No one came to help me, he said. Not a one of them.
He and I stared at each other in silence for a few seconds.
So, you hate all teachers, Don?
He nodded. They are the scum of the earth.
Even that woman at the fundraiser?
All of them.
Every teacher? Everywhere.
Look, he said, my daughter’s husband is thinking about becoming a teacher. I told him, ‘You know I’m never going to speak to you again if you do this, right?’
When I shared Don’s story during my talk that afternoon, I used his example as a reminder of what it looks like when we get stuck the past, reviving old wounds whenever life invites us to live in the moment.

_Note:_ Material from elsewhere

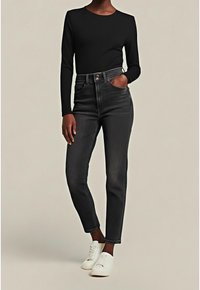 Femme portant un haut à manches longues noir, un jean taille haute foncé et des baskets blanches, debout avec une main dans la poche.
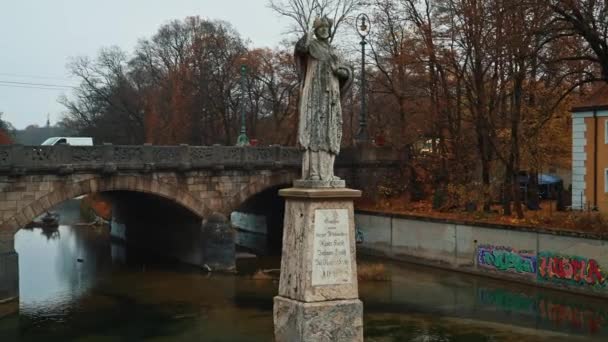MUNICH - NOVEMBRO 22: Esquerda para a direita pan tempo real estabelecer tiro de uma estátua em uma ponte, localizado no rio Isar, em Munique, 22 de novembro de 2018 Munique . — Vídeo de Stock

I asked him to consider whether he might be closing himself off from potentially great relationships – including the one with his son-in-law – because of his choice to make an entire group responsible for one person’s bad behavior decades ago. I can’t be sure how willing Don was to listen to me, but at least he gets credit for keeping quiet when it was my turn to speak. He also taught me a lot in the process, whether or not he intended to.
Speaking of teachers, hows about we use Don’s example and look at the ways we might be shutting down new opportunities in our own lives by nursing grudges, playing dumb, going numb, or refusing to make new choices on account of being so invested in the past? In what ways might you you unwilling to live in the moment? Take your time with this one, mull it over, and reflect as often as you need to; there will be a test.